Definitely not! Our gastrointestinal tracts are designed to process some foods that our bodies cannot fully absorb. An example of this would be dietary fiber which has an important place in digestive health and has shown to help reduce cholesterol. Feeding the bacteria in our gut is important to have a healthy microbiome. Some people, however, have more sensitive guts and can experience a level of indigestion from these foods that can impact daily living. For those people, the byproducts of fermentation can cause unpleasant symptoms like bloating, flatulence, abdominal pain, and distention. This when a low FODMAP diet may be recommended.

 

How does it work?

 

The low FODMAP diet is a three-step elimination diet. There is the elimination phase (step one) where you would stop eating any foods high in FODMAPs. The second step is the reintroduction phase where you start to slowly reincorporate the previously eliminated foods to see which ones are problematic.
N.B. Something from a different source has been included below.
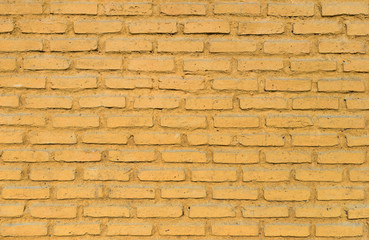 colorful yellow brick wall background.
Finally, step three is the maintenance phase. Once you can identify the foods that cause symptoms, tyou can avoid or limit them from your daily eating habits.

 

It is recommended to have at least two weeks and no more than six weeks of the elimination phase (usually is 2-4 weeks). It can take time for symptoms to subside so one week would likely not be enough time for this phase to work. Remember, this phase is not meant to be permanent as it is extremely restrictive. If symptoms are significantly improved with the elimination phase, patients will then start the reintroduction phase, where groups of FODMAPs are added back one at a time, monitoring for a reoccurrence of symptoms.

 

The reintroduction and maintenance phase can vary as it is very individualized. During the reintroduction phase, you will stay on the low FODMAP diet while starting to reintroduce a high FODMAP food from each FODMAP category, one at a time. It will take a few days to test out each food and increase the quantities, to find the tolerance threshold. Between each test is a “reset” back on the elimination phase to help avoid any crossover effects.

 

Many people can feel overwhelmed and stressed with all the “Do’s and Don’ts” of a low FODMAP diet. It can be beneficial to work with an experienced dietitian during the elimination and reintroduction phases. Once you find out which foods work and don’t work, plan a more sustainable and nutrition meal plan with your dietitian for the maintenance phase.

 

 

What can I eat?

Foods that trigger symptoms vary from person to person. To ease IBS and SIBO symptoms, it’s essential to avoid all high FODMAP foods that aggravate the gut. This includes*:

  • Dairy products (like milk, yogurt, some cheeses, and ice cream)
  • Beans and lentils
  • Wheat-based products such as cereal, bread, and crackers
  • Some vegetables including artichokes, asparagus, onions, and garlic
  • Some fruits including apples, pears, peaches, and cherries

Instead, base your meals around some low FODMAP foods such as:

  • Almond or hemp milk
  • Eggs and meat
  • Grains like rice, quinoa, and oats
  • Certain cheeses like brie, cheddar, and feta
  • Vegetables like eggplant, potatoes, cucumbers, tomatoes, and zucchini
  • Fruits like grapes, strawberries, blueberries, pineapples, and oranges

Portion sizes do matter when it comes to FODMAPs, as certain foods have a specific serving size in which they would be considered high vs low in FODMAP. Remember to read the labels of packaged foods to ensure they do not have any added high FODMAP ingredients (ex: high fructose corn syrup, onion, garlic, wheat, etc.)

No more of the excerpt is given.